Por ser um forasteiro, um estrangeiro naquele específico local, pede informações aos habitantes que lá estão sobre o Castelo e claro, se há possibilidade de ter um lugar para que ele possa descansar. E esse é o ponto de partida para toda esquizofrenia que vem a seguir. Tratado com desdém pelos que lá se encontram, pois K. não é ninguém importante e não trabalha no Castelo, o personagem é obrigado a mentir que sim, trabalha no Castelo e, para suprir sua curiosidade, de prontidão diz que é um agrimensor. Misteriosamente, a informação chega ao dono da casa que sim, K. realmente é um agrimensor.
São notáveis, a partir deste contexto, algumas coisas de extrema importância inseridas até então para, de fato, iniciar toda uma trajetória do personagem e entender porque ele representa toda uma sociedade. Uma delas é a busca pelo intangível, uma explicação para algo que certamente não pode ser explicado, mas mais que isso, uma busca por um tipo exato de conhecimento e entendimento onde é destinado apenas a enxutas minorias. Meritocracia não é o termo exato nessa peculiar situação, pois é clarividente o sistema monarco-feudal onde se situa o K.
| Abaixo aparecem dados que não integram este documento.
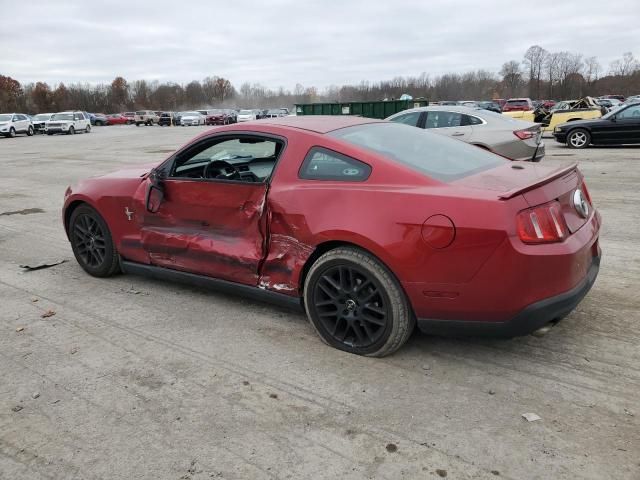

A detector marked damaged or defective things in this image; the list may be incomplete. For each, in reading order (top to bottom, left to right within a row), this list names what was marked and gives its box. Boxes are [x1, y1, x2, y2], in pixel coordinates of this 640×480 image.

damaged red car [63, 116, 600, 356]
Monarco-Feudal. Por quê? A história e a obra em questão explicam. O Feudalismo foi um sistema de duração quase milenar na Idade Média e dentre suas principais características duas são explícita aqui: Sociedade estamental e desigualdade, por consequência. Numa sociedade estamental, o indivíduo que nasce numa classe específica, morrerá nela, porque ascensão social é inexistente nessa ocasião. A desigualdade é a consequência de tudo isso e principalmente pelo paradoxo aqui estabelecido. No Feudalismo o sistema político é descentralizado e ou pertencentes à elite agrária (senhores), mas aqui uma única figura manda em tudo: O Conde do Castelo. E assim, aqui, formou-se o Monarco-Feudalismo.
Impotência. Impotência pode ser classificado como o principal efeito do citado sistema. K. é cercado por pessoas desinformadas, sem influência e sem noção nenhuma do porque, para quem trabalham e pior, não sentem vontade de saber. Conformados. Impotentes e conformados.
A alegoria com o Castelo é de tamanha grandeza (perdoe o trocadilho) que escrita há quase exatos 100 anos, é ainda uma descrição quase que perfeita do neo-colonialismo em que se encontra o Brasil.
''O senhor agrimensor perguntou-me e eu tenho de lhe responder. Como, se não, haveria de compreender aquilo que para nós é óbvio: que o senhor Klamm jamais falará com ele, que digo – falará? – jamais poderá falar com ele. Ouça, senhor agrimensor, o senhor Klamm é um senhor do castelo, já isto por si, mesmo deixando de lado, por completo, a posição restante de Klamm, significa um degrau muito elevado. Em troca, quem é o senhor? O senhor, cujo consentimento para o casamento solicitamos com tanta humildade! Não é do castelo, não é da aldeia, não é nada. Mas, por desgraça, o senhor, contudo é algo: um forasteiro, um que se torna supernumerário e está sempre por ai, molestando. '' (Pág. 72)
Por não ter um desfecho equivalente à grandeza da obra, consequentemente ‘’O Castelo’’ fica a baixo dos clássicos ‘’O Processo’’ e ‘’A Metamorfose’’.